Doctors do know, however, that there is some kind of genetic link. “We know that if you have a first-degree relative [who has endometriosis], it increases your risk significantly,” Sinervo explains. “So if your mother has it or your sister has it, you’ve got at least two or three times the chance of having it.” However, it’s not a direct line. Even in identical twins, he says, there is only a 35 to 40 percent chance of both twins having endometriosis. So, other factors also seem to play a part, though it’s currently unclear what they are.

6. Endometriosis is typically diagnosed via laparoscopy

The only definitive way to diagnose endometriosis is through laparoscopy. However, before your doctor gets to that point, they may also try a manual pelvic exam, ultrasound or MRI first to rule out other potential causes of your pain, according to the Mayo Clinic.

7. There are four stages of endometriosis 

The disease is staged depending on the severity, from stage one to stage four, with stage one being a few lesions and stage four being deep endometrial implants in the pelvic lining and ovaries. Some people may stay at stage one indefinitely, and others may progress to further stages.

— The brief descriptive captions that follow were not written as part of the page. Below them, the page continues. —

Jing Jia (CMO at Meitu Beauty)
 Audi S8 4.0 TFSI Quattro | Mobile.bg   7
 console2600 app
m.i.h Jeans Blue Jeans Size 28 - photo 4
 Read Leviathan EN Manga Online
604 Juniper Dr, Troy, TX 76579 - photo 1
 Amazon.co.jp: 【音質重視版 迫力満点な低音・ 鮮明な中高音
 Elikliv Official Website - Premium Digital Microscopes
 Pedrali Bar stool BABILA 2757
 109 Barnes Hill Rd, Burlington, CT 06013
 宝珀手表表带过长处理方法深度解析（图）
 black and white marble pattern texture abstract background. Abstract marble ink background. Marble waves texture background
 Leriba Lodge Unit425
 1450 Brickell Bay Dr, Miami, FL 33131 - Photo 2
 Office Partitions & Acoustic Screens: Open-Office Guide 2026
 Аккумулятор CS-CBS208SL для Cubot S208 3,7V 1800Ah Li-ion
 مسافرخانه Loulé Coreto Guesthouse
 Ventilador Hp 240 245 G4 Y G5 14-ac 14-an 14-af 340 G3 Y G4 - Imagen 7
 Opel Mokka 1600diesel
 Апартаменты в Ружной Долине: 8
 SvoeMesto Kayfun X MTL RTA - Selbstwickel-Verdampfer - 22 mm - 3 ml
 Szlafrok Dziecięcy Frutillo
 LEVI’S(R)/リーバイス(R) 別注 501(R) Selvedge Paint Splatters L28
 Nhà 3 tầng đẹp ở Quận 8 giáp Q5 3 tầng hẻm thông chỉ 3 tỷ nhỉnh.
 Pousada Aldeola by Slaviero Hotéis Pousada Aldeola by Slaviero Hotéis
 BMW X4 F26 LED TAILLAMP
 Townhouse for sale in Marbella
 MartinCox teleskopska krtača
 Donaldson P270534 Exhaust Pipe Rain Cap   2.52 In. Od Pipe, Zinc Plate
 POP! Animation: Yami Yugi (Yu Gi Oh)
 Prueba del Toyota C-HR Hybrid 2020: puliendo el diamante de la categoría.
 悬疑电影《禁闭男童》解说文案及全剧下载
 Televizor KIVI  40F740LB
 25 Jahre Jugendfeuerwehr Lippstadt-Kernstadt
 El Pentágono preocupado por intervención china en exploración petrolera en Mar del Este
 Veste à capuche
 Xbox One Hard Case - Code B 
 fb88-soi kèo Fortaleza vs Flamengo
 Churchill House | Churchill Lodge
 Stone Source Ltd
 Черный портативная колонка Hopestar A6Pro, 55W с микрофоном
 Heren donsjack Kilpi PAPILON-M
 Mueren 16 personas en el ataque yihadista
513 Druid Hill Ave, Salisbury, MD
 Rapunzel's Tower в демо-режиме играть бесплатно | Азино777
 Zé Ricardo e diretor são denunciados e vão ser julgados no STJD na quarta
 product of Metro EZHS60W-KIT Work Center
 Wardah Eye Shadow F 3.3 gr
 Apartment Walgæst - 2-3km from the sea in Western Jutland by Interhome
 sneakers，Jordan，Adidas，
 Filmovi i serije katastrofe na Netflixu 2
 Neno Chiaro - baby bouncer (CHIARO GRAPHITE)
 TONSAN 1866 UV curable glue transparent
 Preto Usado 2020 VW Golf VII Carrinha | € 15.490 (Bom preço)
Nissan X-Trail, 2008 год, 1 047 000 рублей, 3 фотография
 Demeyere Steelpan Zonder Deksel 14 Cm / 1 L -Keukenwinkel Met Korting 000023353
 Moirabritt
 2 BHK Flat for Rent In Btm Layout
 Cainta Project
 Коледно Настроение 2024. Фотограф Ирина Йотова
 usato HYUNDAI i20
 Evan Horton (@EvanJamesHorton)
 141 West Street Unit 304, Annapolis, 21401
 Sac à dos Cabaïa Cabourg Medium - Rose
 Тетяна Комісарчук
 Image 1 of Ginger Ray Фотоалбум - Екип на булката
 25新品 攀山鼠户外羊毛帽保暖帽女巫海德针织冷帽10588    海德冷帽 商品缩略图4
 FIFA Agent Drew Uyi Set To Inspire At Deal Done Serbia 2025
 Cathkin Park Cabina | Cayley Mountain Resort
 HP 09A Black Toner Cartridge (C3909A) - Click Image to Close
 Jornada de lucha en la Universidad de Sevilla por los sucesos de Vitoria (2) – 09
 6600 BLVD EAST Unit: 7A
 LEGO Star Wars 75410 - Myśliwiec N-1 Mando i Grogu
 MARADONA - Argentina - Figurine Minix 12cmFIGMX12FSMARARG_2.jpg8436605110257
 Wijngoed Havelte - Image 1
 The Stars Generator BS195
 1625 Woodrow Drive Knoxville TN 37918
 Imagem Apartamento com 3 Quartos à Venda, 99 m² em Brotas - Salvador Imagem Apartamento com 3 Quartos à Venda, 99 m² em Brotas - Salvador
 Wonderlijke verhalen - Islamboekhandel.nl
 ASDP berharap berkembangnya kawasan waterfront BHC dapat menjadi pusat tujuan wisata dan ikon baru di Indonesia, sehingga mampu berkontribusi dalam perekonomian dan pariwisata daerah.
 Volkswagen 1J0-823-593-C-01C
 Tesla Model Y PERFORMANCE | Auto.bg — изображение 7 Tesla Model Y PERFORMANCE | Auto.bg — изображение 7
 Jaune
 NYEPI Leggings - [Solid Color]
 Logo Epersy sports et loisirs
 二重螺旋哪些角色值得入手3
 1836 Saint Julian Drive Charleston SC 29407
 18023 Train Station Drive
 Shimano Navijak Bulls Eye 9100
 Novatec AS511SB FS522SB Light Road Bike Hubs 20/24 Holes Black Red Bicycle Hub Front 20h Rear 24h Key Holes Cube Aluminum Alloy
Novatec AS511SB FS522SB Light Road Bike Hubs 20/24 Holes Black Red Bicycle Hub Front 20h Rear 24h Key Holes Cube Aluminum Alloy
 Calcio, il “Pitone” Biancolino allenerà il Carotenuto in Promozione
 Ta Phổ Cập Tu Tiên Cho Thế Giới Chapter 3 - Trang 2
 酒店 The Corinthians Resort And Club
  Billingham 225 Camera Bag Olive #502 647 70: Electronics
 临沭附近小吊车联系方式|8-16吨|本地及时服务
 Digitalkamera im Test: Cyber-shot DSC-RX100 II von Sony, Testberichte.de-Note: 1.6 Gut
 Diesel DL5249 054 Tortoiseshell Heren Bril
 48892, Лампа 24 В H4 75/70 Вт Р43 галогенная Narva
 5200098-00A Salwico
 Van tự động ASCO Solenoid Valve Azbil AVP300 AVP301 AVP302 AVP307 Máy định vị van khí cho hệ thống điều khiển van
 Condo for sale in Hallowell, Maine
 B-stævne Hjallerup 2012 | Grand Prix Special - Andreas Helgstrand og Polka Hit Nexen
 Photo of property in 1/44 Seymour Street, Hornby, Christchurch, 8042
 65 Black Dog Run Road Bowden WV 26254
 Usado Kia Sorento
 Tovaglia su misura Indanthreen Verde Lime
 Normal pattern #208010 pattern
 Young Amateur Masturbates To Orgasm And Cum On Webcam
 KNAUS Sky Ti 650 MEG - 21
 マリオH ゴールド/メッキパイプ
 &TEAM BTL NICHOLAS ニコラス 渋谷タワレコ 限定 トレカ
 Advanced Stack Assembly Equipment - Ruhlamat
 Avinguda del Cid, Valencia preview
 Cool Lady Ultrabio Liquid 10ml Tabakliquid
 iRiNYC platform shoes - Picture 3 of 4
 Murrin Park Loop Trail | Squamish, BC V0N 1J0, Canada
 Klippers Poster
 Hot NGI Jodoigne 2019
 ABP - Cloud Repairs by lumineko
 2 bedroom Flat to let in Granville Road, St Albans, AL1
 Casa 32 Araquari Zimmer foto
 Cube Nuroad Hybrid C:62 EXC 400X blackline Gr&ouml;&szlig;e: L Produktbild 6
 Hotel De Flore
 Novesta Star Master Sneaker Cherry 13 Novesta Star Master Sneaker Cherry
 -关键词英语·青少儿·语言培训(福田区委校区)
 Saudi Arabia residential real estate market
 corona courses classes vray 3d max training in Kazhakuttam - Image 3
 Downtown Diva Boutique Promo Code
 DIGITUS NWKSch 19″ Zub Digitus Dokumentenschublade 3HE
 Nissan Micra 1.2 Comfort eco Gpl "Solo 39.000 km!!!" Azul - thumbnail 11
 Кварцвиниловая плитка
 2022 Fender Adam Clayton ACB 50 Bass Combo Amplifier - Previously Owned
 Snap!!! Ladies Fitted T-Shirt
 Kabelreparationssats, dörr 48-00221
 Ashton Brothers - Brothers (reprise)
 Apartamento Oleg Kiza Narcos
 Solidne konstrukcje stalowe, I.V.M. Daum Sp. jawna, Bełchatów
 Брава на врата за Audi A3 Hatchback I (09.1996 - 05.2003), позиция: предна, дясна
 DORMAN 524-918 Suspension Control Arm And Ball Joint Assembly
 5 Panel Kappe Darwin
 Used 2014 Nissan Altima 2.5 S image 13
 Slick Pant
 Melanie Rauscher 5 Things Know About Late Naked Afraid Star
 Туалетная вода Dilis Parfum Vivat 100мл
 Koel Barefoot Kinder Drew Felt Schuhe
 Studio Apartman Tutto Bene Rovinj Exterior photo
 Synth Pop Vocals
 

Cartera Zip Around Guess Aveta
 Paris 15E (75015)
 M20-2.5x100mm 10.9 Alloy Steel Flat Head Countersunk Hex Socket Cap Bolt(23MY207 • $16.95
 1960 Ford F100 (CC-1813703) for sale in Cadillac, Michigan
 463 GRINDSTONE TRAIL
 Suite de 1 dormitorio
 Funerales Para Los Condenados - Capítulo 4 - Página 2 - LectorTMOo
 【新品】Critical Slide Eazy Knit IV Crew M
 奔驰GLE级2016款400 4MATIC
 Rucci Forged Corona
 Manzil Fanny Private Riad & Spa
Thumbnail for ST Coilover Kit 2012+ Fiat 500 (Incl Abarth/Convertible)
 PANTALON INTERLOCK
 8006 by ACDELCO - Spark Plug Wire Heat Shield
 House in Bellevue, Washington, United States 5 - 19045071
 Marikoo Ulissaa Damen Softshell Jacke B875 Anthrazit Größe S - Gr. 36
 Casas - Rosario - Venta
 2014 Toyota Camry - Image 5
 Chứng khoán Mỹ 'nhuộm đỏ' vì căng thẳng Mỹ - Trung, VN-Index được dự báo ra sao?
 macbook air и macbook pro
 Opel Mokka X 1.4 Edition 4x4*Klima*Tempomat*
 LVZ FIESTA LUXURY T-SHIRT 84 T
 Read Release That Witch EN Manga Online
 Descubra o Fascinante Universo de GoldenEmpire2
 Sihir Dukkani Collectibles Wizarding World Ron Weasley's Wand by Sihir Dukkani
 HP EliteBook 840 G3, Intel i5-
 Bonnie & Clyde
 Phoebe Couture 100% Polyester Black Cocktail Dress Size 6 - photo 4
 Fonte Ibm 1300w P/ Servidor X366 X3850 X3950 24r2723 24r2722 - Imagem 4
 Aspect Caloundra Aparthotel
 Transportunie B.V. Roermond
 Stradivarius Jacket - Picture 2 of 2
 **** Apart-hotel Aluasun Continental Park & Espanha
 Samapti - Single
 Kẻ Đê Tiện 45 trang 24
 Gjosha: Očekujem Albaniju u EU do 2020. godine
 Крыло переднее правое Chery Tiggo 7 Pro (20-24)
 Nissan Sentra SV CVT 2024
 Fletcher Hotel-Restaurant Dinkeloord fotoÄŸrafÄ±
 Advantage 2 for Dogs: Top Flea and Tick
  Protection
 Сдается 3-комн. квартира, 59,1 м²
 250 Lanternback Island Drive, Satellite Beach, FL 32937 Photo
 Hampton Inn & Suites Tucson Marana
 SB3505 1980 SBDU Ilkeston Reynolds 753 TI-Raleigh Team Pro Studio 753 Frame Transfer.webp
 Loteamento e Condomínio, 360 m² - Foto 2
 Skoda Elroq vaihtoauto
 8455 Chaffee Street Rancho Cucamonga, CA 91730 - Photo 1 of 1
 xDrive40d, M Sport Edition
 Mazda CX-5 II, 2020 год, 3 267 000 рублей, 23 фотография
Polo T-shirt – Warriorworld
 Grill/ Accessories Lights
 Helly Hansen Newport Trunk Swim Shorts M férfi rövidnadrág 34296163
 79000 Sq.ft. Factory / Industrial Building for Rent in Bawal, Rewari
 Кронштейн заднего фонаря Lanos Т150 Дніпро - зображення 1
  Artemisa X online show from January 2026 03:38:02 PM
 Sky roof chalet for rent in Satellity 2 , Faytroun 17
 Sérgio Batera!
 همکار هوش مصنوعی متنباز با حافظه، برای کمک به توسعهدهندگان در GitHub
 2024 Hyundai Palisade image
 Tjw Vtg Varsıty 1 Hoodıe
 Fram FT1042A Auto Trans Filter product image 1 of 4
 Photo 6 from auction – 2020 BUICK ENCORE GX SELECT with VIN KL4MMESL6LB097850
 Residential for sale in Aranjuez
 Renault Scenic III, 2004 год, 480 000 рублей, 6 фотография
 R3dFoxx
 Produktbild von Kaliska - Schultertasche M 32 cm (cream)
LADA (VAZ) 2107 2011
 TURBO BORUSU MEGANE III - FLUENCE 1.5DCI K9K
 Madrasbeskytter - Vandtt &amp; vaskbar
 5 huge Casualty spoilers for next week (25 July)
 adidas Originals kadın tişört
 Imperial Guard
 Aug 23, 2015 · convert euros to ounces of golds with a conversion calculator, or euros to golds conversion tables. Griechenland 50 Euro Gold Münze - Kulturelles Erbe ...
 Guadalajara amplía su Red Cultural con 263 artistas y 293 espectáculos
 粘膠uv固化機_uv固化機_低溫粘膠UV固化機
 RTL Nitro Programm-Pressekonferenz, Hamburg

This is one of the current frustrations of endometriosis, Sinervo notes: “We don’t know who’s going to have the disease potential to be stage four.”

8. If diagnosed, you’ll probably start off with watchful waiting

After diagnosis, patients and their doctors can make choices on how to proceed. For those with mild endometriosis or who are entering menopause, they might choose to do “watchful waiting,” which is delaying treatment and trying to manage symptoms. But menopause may not be the cure-all they’re hoping for. “Some women who go into menopause may still have some symptoms because of their endo,” Sinervo explains.

9. For others, medications might help

If diagnosed with endometriosis, your doctor might opt for drug therapies, such as birth control pills or a medicated IUD, and anti-inflammatory drugs, which may relieve symptoms. Some people may find more relief on drugs that simulate menopause, like Lupron, and others like letrozole, which help “prevent the conversion of weak estrogens to strong estrogens,” Sinervo says. More drugs may be coming that may work for more patients. But at best, these current drugs help calm symptoms, but don’t halt the progression of the disease or cure it.

10. Sometimes surgery is the best treatment option, but is still no guarantee the endometriosis won’t come back

According to the Endometriosis Foundation of America, the gold standard for endometriosis treatment is laparoscopic excision surgery, where any endometriosis tissue is removed. This is different from ablation surgery, where tissue might be cauterized or lasered away. While recurrence rates vary widely for endometriosis — anywhere from six to 67 percent, depending on the treatment — Sinervo says excision has a recurrence rate of just five to 10 percent. This is why he believes earlier intervention with laparoscopic excision, even in patients with mild disease, could lead to better outcomes.

11. Talk to your doctor if you think you might have endometriosis

Talk to your health care provider, but be ready to advocate for yourself. “I have many, many patients who have seen eight to 15 doctors before they’ve been diagnosed,” Sinervo says. Also, Dweck and Sinervo agree that education and awareness are power. The more you know about endometriosis and how it’s treated, the better your chances of getting an accurate diagnosis and treatment plan will be.